**HOW TO COMPLETE THIS TASK:**
Could you transcribe exactly the lines from the one containing "BASICLOTO — 404673659 — fiche entreprise" through the end of the listing below, both included, but none of the pictures?

**SOURCE RECORDS:**
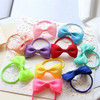 Baby Hair Ties With Bows For Toddler Girls 2 Inch Elastic Ponytail Holders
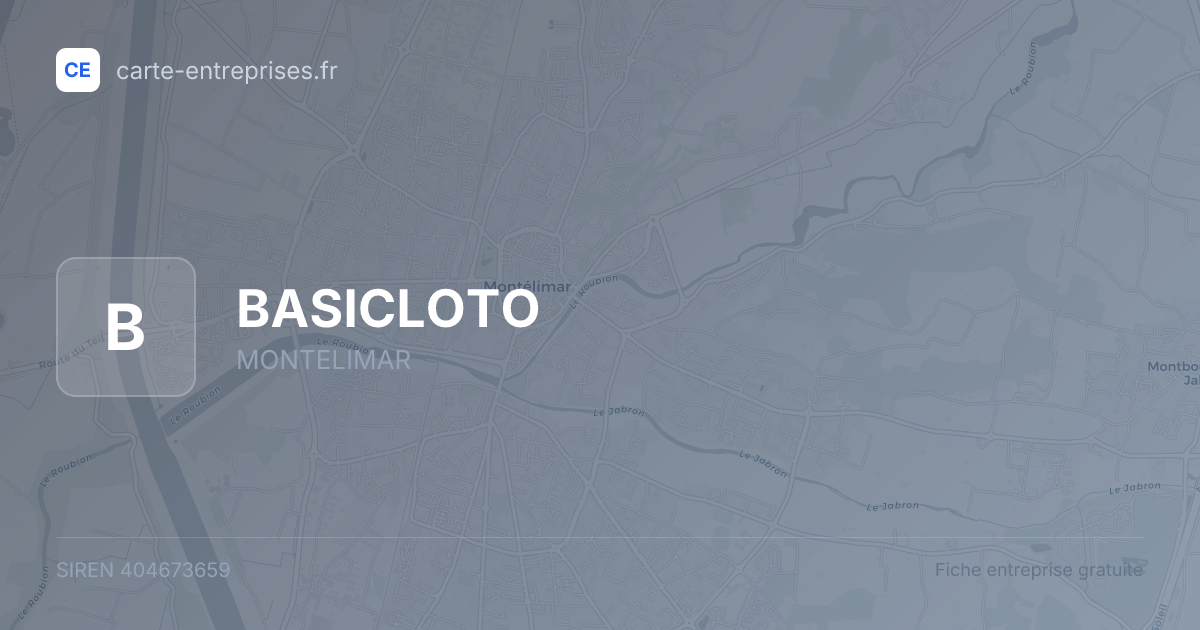 BASICLOTO — 404673659 — fiche entreprise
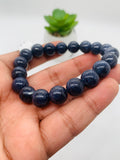 Blue Sapphire Bracelet 10.5 mm Size • Code # S16 • AAA+ Quality • 7.5'' length • Natural Sapphire  • Sapphire Round Bracelet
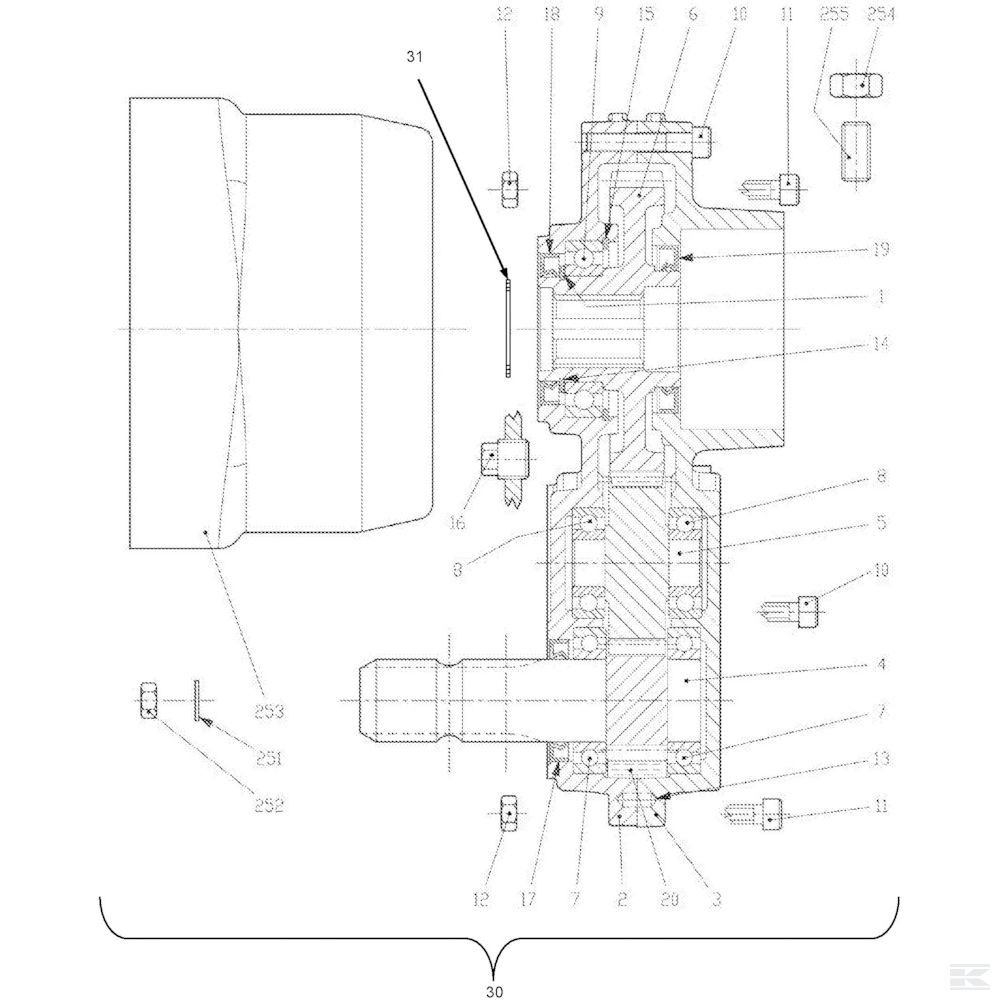 VF16645516 +Crown Wheel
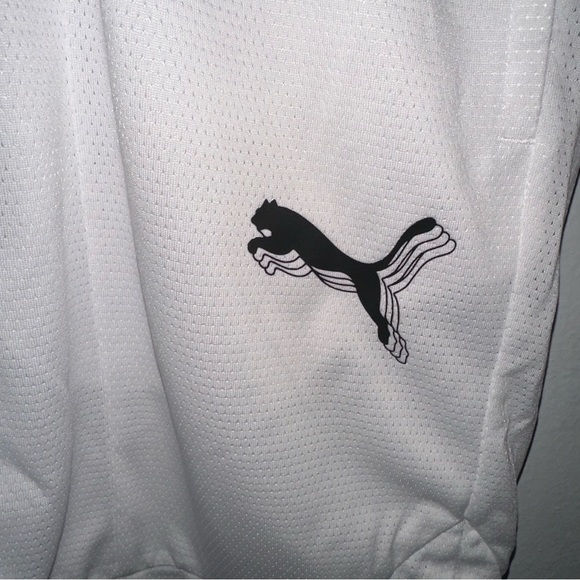 Puma Women's Foundation Basketball Draw String‎ Shorts Sz L White NWT MSRP $40 - Picture 3 of 5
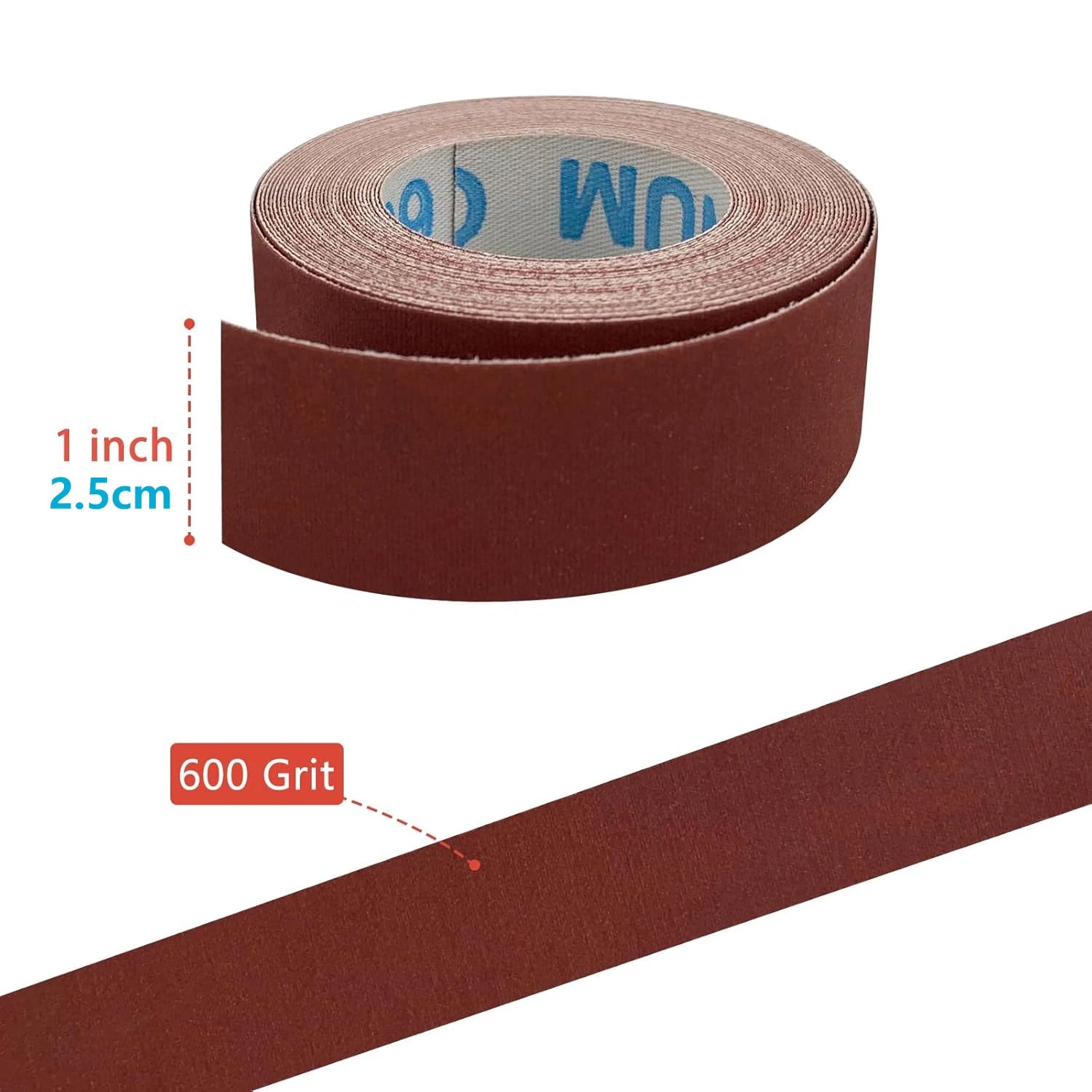 1inch Emery Cloth Rolls, Continuous Sandpaper (2m / 5m) Suitable for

**ANSWER FOR THE TASK:**
 BASICLOTO — 404673659 — fiche entreprise
 Blue Sapphire Bracelet 10.5 mm Size • Code # S16 • AAA+ Quality • 7.5'' length • Natural Sapphire  • Sapphire Round Bracelet
 VF16645516 +Crown Wheel
 Puma Women's Foundation Basketball Draw String‎ Shorts Sz L White NWT MSRP $40 - Picture 3 of 5
 1inch Emery Cloth Rolls, Continuous Sandpaper (2m / 5m) Suitable for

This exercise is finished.